Es begann 1978 im „Roxy“ – der damals angesagtesten Kneipe/ Disco in Aachen. Bei einem Tresengespräch  zwischen Achim Hoh  und Michael Cryftz entstand die Idee, eine Band zu gründen. Hoh (Gesang) und Fred Heimermann (Gitarre) hatten schon damit begonnen, etwas Hausmusik zu betreiben und als zweiten Gitarristen Paul Schwerdt mit ins Boot geholt. Nachdem verschiedene Schlagwerker getestet, aber für ungeeignet befunden wurden, einigten sich Hoh (Frost) und Cryftz (Molotov) an jenem Abend im Roxy darauf, einen Versuch zu wagen! Die ersten Sessions in Cryftz´ Proberaum in der Beeckstraße waren der Hammer! Schnell war klar, dass man die Ideal-Besetzung gefunden hatte – jetzt fehlte nur noch der Bassist. Nach einem kurzen Gastspiel von Tom Sprothen am Bass, stieß der Engländer John Rayner (C.I.F. London) dazu – und die endgültige Besetzung stand!

scannen0007

Die Besetzung der Neon Kits (v.l.n.r.:) Fredi Vileda (g), T.V. Neon (g), Mike Molotov (dr),  Johnny Frost (voc), C.I.F. London (b), 1978!

 

Wie alles begann …

Scannen0009

Das Bildnis zeigt einen nachdenklichen jungen Mann, der 1975 eine spinnerte Idee hatte.

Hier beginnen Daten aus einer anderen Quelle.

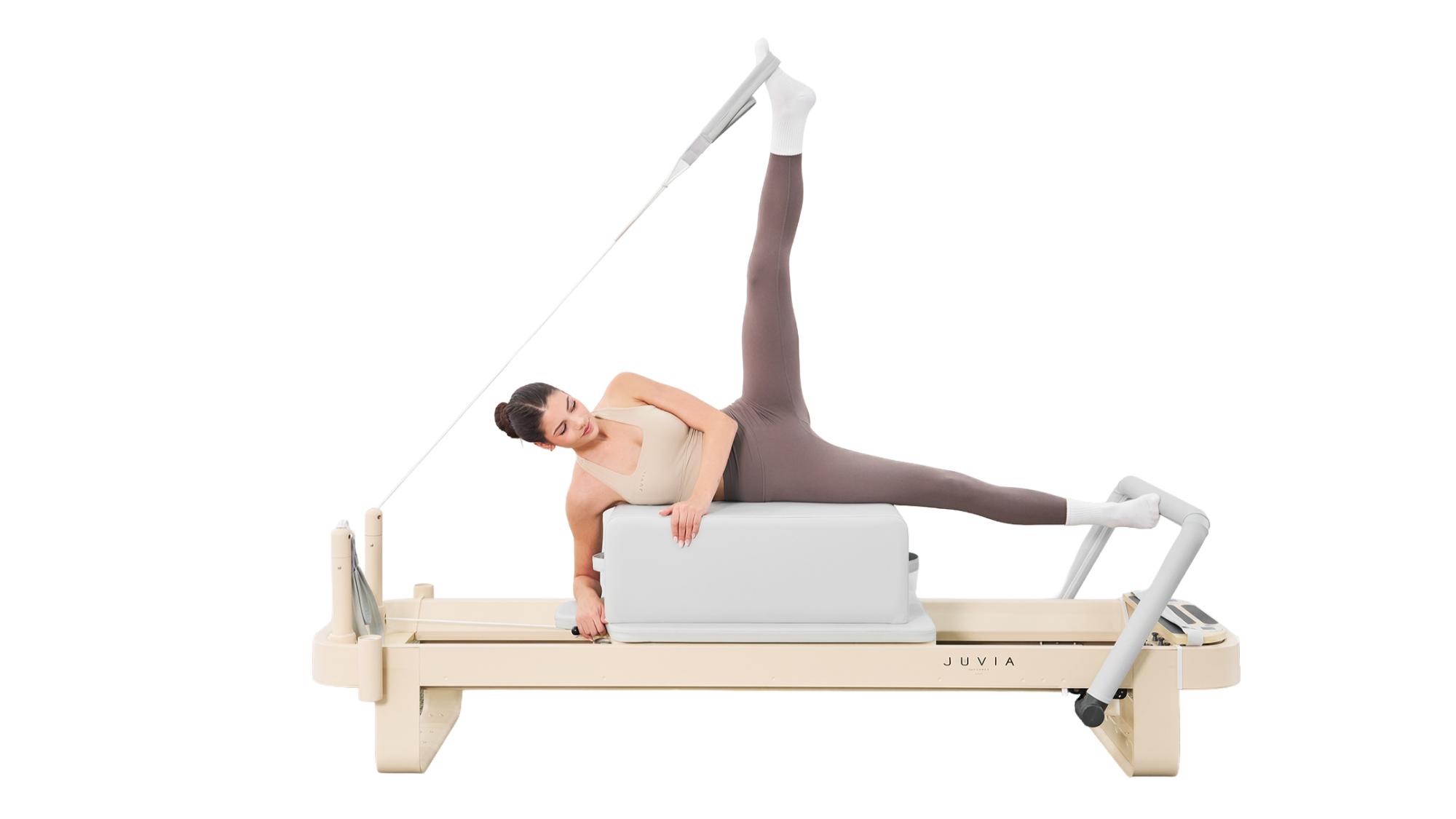 REFORMER SIGNATURE JUVIA 16 | Juvia Reformer Faites-en le vôtre. Yutz 3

Es war die Vision einer freien Musiker-Kooperative in der sich Musiker aller Stilrichtungen treffen sollten, um in wechselnden Besetzungen neue Wege der Klangerzeugung zu gehen.

Ich hatte damals erst zwei Jahre zuvor mit dem Trommeln begonnen und darin eine meiner großen Leidenschaften entdeckt.

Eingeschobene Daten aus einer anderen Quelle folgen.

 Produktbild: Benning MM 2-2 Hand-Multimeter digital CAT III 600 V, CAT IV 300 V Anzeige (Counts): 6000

Ich weiß noch, wie ich eines Abends mit meinem alten Sauf-Kumpan Erlend nach einem Jazz-Konzert im Malteserkeller abhing und ihm meine Vorstellungen von dieser Sache zu erläutern versuchte. Wie dem Kind einen Namen geben? Trotz aufrichtiger Bemühungen war eigentlich nix Gescheites dabei und als wir schon aufgeben wollten, kam dann einer von uns beiden auf die glorreiche Idee, sie „Einfache-Musik-Gesellschaft“ zu nennen, „ver-englischt“ dann: „Simple Music Corporation“ – kurz „SMC“.

So wurde an jenem Abend unter unwürdigen Umständen ein Label gegründet, dass 40 Jahre später (hätte mir das damals einer erzählt, ich hätte ihn für durchgeknallt erklärt) immer noch existieren würde.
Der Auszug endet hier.